The fifth switch transistor M5 is connected between the third node n3 and the fourth node n4 and is turned on in response to the gate-on voltage VGH of the second EM signal EM2. When the fifth switch transistor M5 is turned on in response to the gate-on voltage VGH of the second EM signal EM2 during the initialization period Pi, the anode reset period Par, and the emission period Pem, the third node n3 is electrically connected to the fourth node n4.
The sixth switch transistor M7 is connected between the third constant voltage node PL3 and the sixth node n6 and is turned on in response to the gate-on voltage VGH of the fourth scan signal SC4. The voltage of the fourth scan signal SC4 is generated as a pulse of the gate-on voltage VGH during the initialization period Pi, the sensing period Ps, and the data writing period Pwr, and is a gate-off voltage VGL during other periods Par and Pem.

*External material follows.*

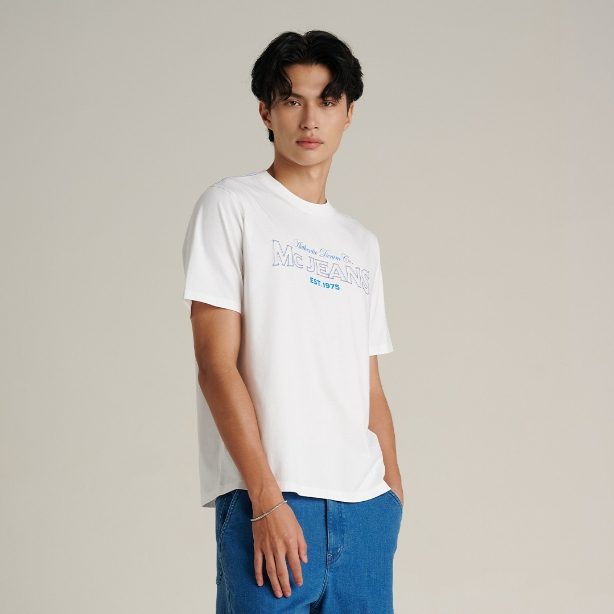 Mc JEANS (แม็คยีนส์) เสื้อยืดผู้ชาย เสื้อยืดแขนสั้น ทรงเรกูลาร์ Regular Fit T-Shirt มีให้เลือก 2 สี MTTZB78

When the sixth switch transistor M7 is turned on in response to the gate-on voltage VGH of the fourth scan signal SC4 during the initialization period Pi, the sensing period Ps, and the data writing period Pwr, a reference voltage is applied to the sixth node n6. The sixth switch transistor M7 includes a first electrode connected to the third constant voltage node PL3, a gate electrode to which a fourth scan signal SC4 is applied, and a second electrode connected to the sixth node n6.
The diode D is connected between the fourth node n4 and the fifth node n5 and is turned on when the voltage of the fourth node n4 is higher than the voltage of the fifth node n5 by a threshold voltage of the diode D. When the diode D is turned on, the fourth node n4 is electrically connected to the fifth node n5. When both the second switch transistor M2 and the diode D are turned on, the anode voltage of the light-emitting element EL may be reset.

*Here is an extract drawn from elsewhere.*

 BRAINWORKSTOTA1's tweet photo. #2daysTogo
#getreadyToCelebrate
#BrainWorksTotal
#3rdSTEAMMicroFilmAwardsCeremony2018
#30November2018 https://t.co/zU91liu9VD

During the initialization period Pi, the third scan signal SC3 is inverted from the gate-off voltage VGL to the gate-on voltage VGH, and then the second scan signal SC2 is inverted to the gate-on voltage VGH. Subsequently, the fourth scan signal SC4 is inverted to the gate-on voltage VGH. Accordingly, after the second switch transistor M2 is turned on in the initialization period Pi, the first switch transistor M1 is turned on, and then the sixth switch transistor M7 is turned on.
FIGS. 20A to 20E are circuit diagrams illustrating the operation of the pixel circuit shown in FIG. 18, step by step.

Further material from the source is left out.